= William of Saint-Omer (son of Nicholas I) =

French knight in Hungary

William of Saint Omer was a French knight, descended from a Fauquembergues family who were castellans of the eponymous castle of Saint-Omer.

His father, Nicholas I of Saint Omer, received lands in Boeotia in the aftermath of the Fourth Crusade. He later married Margaret of Hungary, the widow of Boniface of Montferrat, Lord of Thessalonica (died 1207). It is unclear when the marriage took place: some accounts mention that Nicholas died already in 1212 (probably by a misreading of the genealogical table published by Karl Hopf in Chroniques gréco-romanes inédites ou peu connues) but F. Van Tricht dates the marriage to after 1217 and J. Longnon "not before 1223".

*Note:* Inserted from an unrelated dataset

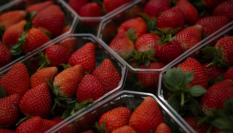 Fresas de Huelva, recién recogidas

William was the younger son of the couple, he had an elder brother Bela of Saint Omer. While Bela received one half of Thebes as dowry from his marriage, William and his mother moved to the Kingdom of Hungary, where Béla IV was the King, also a grandson of Béla III, like William. Following his mother's death sometime after 1223, William inherited her estates in Syrmia and Macsó. He participated in the Battle of Mohi, following this he belonged to the companion of Béla IV who had fled to Dalmatia, escaping before the Mongols. William was ispán of Kraszna County in 1241. From 1241 until his death, he served as Master of the Horse.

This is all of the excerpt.